OK, I'm not experienced at body work although I did some amateur repairs back in school daze. Now, my car has a few screw holes that need to be filled. Some are from trim that was removed over the years, some were drilled by a prior owner, like when he decided to mount the license plate on the tailgate.:confused: These are generally 1/4" to 3/16" screw holes.

My question, is it acceptable to use something like Bondo to fill these small holes, or is it necessary to weld up the holes first? I'd like to get started on some of the minor body repairs that I can do without a garage and a welder. This is not a restoration job, just a fix up clean up.

Your opinions/tips?

Posted

Evidently there are some types of body filler that are better than others for the purpose you stated. I bought some type of filler once (don't recall what it was)......son-in-law who knows body work....said not the right stuff.

I don't know what the right stuff is, so you might want to check around with someone knowledgable.

Posted

I am in the middle of major body work as we speak - I write - whatever. The "right stuff" is Duraglass or it's equivalet. It is used ordinarily by marine folks for fibergloass, and is totally waterproof. My suggestion on the coupe is to take a body pick hammer and countersink each hole you wish to fill just slighly, so the rim or metal edge is below the finished surface. Get your 4-inch grinder and grind a few inches of clean metal around each hole, then fill the holes with this stuff. It is quite stiff, and will fill major holes. When it dries, it is like iron to work down.

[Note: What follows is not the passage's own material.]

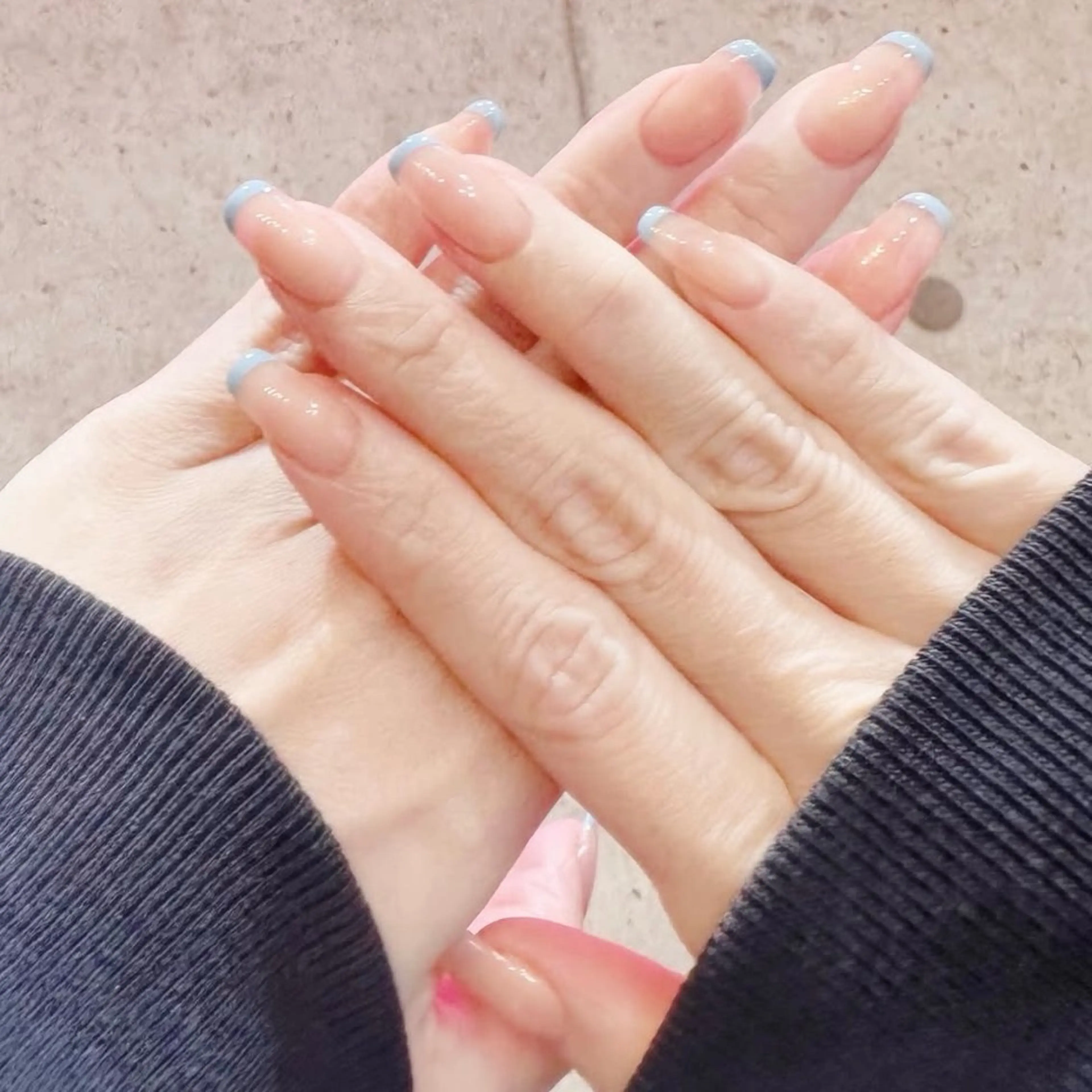 シンプル可愛い♡スキニーフレンチの写真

I would carefully grind this stuff down so that it is just below the finished surface - or alternately scuff it down with 36 grit paper. Then use your conventional WalMart bondo or its equivalent to do the final gody work over top of the Duraglass.

There is a forum like ours dedicated to auto body - autobody 101.com. It is incredible - divided into sections for paint, welding, tools, primer, etc. Experienced body men monitor this forum and answer questions asked by normal street folks. Very interesting.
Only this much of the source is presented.